Сталин вмешался в проект реконструкции Красной площади, запретил сносить Собор Покрова Пресвятой Богородицы, что на рву (Храм Василия Блаженного). В данном отношении тоже начались сдвиги, огульное и повсеместное разрушение храмов приостановилось – по крайней мере, тех из них, которые признавались памятниками архитектуры, имеющими историческое и культурное значение. В 1934 году Совнарком и ЦК приняли постановление изменить методы преподавания истории. Из лагерей и ссылок вернули плеяду российских историков, отправленных туда усилиями Бухарина и Покровского. Перед ними была поставлена задача разработать новые учебники. А в 1936 году установки «красного академика» Покровского на отрицание исторического значения дореволюционной эпохи были официально осуждены. В школах учебник истории Покровского сменился учебником Шестакова, где восстанавливалась преемственность между царской и советской Россией [116].
Начали выходить книги и сниматься фильмы о Петре I, святом благоверном князе Александре Невском, Суворове, Ломоносове и др. Было реабилитировано казачество. В армию вернулись офицерские, маршальские, а потом и генеральские звания. Пересматривались и другие «революционные» установки. В 1933 году были введены уголовные наказания за гомосексуализм. В 1936 году партия отбросила тезис Маркса и Энгельса об отмирании семьи при коммунизме. Отныне утверждалось противоположное, что семья является «ячейкой социалистического общества», должна не отмирать, а укрепляться. Под страхом уголовной ответственности были запрещены аборты и их пропаганда, увеличивались пособия матерям, усложнялась процедура развода.

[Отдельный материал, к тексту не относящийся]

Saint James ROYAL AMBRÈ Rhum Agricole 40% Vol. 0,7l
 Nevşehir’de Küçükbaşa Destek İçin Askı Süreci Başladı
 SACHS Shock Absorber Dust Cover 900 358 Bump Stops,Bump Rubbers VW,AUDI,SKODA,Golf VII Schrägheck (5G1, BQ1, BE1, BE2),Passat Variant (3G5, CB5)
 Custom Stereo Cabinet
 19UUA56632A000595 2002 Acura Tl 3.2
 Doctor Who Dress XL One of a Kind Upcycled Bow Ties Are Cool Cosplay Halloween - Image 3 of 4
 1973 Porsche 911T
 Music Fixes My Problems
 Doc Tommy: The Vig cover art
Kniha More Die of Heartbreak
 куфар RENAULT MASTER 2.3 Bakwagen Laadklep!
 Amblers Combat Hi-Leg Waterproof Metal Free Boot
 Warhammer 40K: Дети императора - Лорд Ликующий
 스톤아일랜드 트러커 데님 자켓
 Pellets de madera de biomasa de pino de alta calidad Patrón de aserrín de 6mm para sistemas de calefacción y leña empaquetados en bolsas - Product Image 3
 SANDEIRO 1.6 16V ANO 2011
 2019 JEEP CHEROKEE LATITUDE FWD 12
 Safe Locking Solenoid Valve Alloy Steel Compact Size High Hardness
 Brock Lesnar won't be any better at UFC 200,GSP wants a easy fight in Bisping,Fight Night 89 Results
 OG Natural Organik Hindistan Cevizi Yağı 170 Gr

А в ноябре 1936 г. была принята новая Конституция, отвергшая постулат Маркса и Энгельса об отмирании государства. Напротив, требовалось его укрепление. Эта же Конституция утвердила равноправие для всех граждан СССР. Таким образом, реабилитировались слои населения, которые до сих пор лишались гражданских прав – выходцы из дворянства, дореволюционной интеллигенции, купечества, духовенства. Они признавались равноправными с рабочими и крестьянами. Свернулся и проект крымской «Хазарии». Постановление Политбюро от 4 мая 1938 года запретило деятельность в СССР международной сионистской организации «Джойнт», и идея еврейской автономии в Крыму была похоронена.